Muzarabani North MP Zhemu Soda said most communities in the area were cut off from social amenities by the absence of Hoya Bridge, which was washed away many years ago.

“Honourable minister when you came here you crossed a big river called Hoya. That river cannot be crossed when it rains because the bridge was washed away during the liberation war,” Soda said.

“As a result, our people cannot cross to the other side to seek services during the rainy season.

“This whole district does not have a hospital and the only referral hospital that is in the district belongs to the mission, which controls everything.

“Our people are having challenges when they are referred to the hospital because it’s far away and we do not have an ambulance.

“While we welcome the Red Cross water project, we also believe we need a dam to take care of the whole of Muzarabani North.”

Soda, however, said a raft of intervention programmes have been put in place by the government to address the challenges in Muzarabani North.

“We are set to launch the rural development programme focusing on the provision of safe, reliable and sustainable water for communities,” he said.

“Here in Muzarabani we were fortunate that the responsible ministry headed by Honourable (Anxious) Masuka is coming here to launch the water programme where each village would have its own solar-powered borehole.”

“These projects are in line what His Excellency President Emmerson Mnangagwa is advocating for that no one and no place should be left behind.”

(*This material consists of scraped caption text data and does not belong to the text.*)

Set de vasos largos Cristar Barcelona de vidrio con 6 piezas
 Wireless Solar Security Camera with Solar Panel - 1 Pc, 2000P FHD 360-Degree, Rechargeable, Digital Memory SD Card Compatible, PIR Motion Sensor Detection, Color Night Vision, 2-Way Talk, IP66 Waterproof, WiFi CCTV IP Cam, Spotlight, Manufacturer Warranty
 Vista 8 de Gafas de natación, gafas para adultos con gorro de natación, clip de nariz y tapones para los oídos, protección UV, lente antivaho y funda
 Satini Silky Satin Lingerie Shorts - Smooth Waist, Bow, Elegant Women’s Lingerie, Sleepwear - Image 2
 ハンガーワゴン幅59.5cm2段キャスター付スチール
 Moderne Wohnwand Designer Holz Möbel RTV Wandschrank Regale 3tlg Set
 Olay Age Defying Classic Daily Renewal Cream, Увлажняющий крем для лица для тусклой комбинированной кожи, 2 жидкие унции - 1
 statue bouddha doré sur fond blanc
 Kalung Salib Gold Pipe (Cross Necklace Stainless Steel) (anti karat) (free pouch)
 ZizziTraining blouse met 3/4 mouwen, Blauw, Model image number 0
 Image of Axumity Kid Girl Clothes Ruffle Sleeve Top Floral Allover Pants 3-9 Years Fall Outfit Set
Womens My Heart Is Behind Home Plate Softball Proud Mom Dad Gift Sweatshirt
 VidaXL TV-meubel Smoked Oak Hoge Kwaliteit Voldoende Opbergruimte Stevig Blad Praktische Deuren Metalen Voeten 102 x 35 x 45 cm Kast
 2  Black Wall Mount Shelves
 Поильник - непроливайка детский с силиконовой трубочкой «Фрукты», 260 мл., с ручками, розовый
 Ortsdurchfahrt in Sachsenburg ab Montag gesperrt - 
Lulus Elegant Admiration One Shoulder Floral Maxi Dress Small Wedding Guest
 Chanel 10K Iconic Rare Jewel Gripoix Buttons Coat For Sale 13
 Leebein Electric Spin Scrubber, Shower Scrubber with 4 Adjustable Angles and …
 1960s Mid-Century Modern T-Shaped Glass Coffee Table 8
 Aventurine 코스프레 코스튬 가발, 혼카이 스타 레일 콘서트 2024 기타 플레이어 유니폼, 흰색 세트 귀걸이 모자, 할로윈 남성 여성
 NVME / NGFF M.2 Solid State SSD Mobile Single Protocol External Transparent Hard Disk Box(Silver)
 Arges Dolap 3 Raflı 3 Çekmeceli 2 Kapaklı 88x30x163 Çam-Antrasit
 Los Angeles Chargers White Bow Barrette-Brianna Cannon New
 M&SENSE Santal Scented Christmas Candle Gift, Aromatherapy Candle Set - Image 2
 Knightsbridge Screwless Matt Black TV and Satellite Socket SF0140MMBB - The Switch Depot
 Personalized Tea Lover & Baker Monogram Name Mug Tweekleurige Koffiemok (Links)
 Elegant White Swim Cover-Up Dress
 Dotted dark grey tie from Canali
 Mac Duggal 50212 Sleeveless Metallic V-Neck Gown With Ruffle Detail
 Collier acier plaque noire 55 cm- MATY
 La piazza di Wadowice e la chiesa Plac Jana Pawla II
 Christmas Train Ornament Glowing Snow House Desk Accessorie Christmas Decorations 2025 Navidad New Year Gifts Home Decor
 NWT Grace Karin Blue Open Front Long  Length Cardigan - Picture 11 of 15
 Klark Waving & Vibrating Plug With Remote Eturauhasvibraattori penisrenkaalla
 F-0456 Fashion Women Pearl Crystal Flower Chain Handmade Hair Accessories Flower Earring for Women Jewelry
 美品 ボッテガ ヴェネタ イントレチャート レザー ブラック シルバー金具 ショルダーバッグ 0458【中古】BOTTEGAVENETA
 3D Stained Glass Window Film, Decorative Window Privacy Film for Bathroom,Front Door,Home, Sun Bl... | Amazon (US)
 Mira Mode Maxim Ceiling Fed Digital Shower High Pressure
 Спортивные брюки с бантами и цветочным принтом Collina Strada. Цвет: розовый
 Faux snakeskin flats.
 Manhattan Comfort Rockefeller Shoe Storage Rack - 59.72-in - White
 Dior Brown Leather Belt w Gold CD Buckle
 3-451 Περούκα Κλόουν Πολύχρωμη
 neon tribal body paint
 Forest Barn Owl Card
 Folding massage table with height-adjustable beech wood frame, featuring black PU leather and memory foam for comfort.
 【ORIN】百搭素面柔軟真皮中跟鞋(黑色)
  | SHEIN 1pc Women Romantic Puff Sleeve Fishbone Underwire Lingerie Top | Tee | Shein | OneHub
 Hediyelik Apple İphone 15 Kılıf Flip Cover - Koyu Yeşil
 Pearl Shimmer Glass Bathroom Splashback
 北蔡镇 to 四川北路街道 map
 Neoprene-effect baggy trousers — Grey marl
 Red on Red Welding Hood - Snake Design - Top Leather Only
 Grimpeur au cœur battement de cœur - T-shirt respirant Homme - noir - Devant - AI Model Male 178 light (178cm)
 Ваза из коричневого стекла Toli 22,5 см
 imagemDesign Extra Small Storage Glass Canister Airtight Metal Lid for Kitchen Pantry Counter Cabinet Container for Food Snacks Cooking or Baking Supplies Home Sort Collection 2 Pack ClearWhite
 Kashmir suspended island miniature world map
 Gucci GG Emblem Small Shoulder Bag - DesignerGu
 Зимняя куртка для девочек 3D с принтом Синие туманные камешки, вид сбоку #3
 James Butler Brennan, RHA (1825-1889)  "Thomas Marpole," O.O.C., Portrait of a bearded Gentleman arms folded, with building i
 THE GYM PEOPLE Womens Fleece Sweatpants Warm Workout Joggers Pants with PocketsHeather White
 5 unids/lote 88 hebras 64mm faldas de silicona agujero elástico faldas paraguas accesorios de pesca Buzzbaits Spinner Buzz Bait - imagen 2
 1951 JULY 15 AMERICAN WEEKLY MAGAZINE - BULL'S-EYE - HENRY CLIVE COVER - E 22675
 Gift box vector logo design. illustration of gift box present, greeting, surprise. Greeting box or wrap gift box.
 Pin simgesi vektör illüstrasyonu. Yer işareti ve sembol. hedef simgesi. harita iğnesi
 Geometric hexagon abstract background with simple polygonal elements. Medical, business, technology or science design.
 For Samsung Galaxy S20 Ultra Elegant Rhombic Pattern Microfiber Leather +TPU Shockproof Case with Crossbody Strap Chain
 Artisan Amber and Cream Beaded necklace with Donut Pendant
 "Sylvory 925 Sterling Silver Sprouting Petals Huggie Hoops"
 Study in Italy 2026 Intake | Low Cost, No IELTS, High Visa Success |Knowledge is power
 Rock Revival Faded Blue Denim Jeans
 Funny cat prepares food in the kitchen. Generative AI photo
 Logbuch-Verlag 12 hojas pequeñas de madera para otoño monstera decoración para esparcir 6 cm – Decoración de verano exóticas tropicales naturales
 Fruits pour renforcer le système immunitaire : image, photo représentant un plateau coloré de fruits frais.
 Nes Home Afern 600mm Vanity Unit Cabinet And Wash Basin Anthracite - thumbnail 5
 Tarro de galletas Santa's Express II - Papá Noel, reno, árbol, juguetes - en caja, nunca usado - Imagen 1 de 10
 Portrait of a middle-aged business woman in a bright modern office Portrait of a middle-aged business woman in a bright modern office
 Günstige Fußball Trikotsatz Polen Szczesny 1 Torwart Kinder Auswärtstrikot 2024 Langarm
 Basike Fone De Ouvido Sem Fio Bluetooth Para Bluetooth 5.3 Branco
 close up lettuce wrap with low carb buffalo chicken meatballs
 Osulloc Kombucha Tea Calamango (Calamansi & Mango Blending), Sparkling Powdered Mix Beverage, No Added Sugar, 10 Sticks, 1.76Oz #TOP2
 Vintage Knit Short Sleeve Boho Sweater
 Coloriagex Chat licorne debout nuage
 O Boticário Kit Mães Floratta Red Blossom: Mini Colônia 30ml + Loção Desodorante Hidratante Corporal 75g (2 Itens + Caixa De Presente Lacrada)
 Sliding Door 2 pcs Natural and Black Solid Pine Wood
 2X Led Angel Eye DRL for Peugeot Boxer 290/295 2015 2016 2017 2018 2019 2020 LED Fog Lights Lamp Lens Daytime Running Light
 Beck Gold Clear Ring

Muchinguri-Kashiri bemoaned the poor road network in Muzarabani North, saying it was retarding development.

“If I had been flown here, I wouldn’t have seen these roads. You people, your roads are awful,” she said.

“How do you expect to develop this area when you have such horrible roads?

“You need to take this issue of roads and bridges up urgently. This is serious!

“I am told water is another challenge, but fortunately we have our all-weather friends Red Cross who have brought you safe and reliable water.

“However, you need to work on issues to do with health because what I saw at Chiwenga Clinic is not pleasing at all.

“Let’s work together to support the aspirations of His Excellency Cde Mnangagwa.”

Muchinguri-Kashiri promised villagers that efforts were being done to transform Muzarabani into a town.

“Our rural development thrust is to change the lives of our people for the better.

“Muzarabani, just like Binga, is a priority area under the rural development programme.”

ZRCS national president Edson Mlambo said his organisation will continue augmenting government efforts to improve the lives of people, especially in marginalised communities like Muzarabani.

“We are here to stay in Muzarabani and with support from our friends like Finnish Red Cross we will continue working in such communities,” Mlambo said.

“Our mandate as Red Cross is to alleviate human suffering and that’s why we are here.”